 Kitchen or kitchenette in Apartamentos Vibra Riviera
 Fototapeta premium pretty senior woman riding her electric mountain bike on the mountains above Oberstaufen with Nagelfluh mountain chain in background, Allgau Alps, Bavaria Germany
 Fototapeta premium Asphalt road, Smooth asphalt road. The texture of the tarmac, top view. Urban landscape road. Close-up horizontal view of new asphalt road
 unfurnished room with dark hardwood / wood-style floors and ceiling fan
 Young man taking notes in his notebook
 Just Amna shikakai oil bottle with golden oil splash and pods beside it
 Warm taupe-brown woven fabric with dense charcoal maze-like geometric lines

---

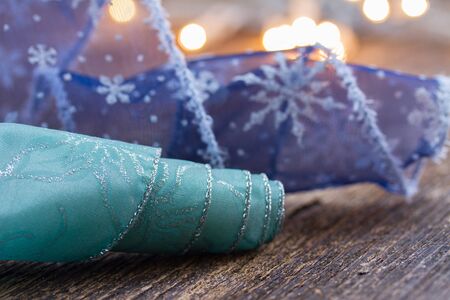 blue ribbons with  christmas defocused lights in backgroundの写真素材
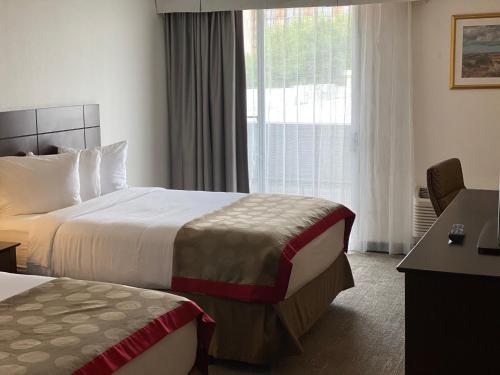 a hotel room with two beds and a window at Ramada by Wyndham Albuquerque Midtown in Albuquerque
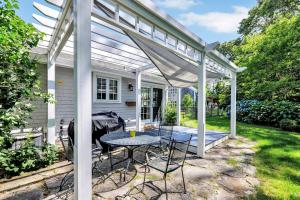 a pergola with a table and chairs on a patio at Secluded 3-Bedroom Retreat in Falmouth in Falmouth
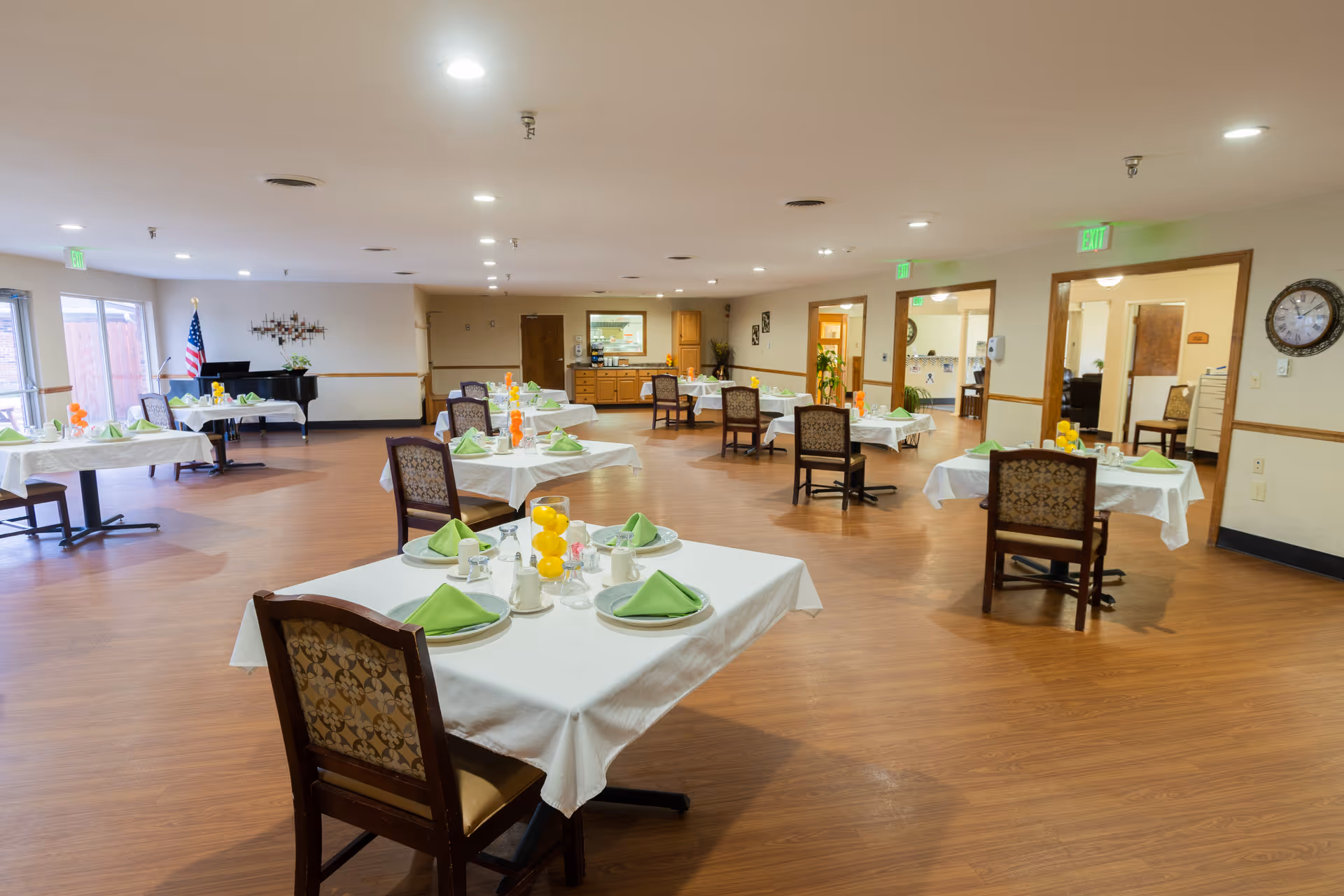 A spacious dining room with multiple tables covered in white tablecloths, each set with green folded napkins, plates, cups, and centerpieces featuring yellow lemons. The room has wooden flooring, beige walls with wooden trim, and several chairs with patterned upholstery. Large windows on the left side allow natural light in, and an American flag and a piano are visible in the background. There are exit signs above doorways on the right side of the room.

---

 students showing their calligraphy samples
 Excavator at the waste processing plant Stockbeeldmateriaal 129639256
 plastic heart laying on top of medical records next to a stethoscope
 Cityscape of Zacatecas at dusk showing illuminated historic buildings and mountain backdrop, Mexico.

Task objective:
Taking the entries above, write out exactly each line from the one holding "Kitchen or kitchenette" to the one holding "Fototapeta premium pretty", both included, and stop there.

Answer to the exercise:
 Kitchen or kitchenette in Apartamentos Vibra Riviera
 Fototapeta premium pretty senior woman riding her electric mountain bike on the mountains above Oberstaufen with Nagelfluh mountain chain in background, Allgau Alps, Bavaria Germany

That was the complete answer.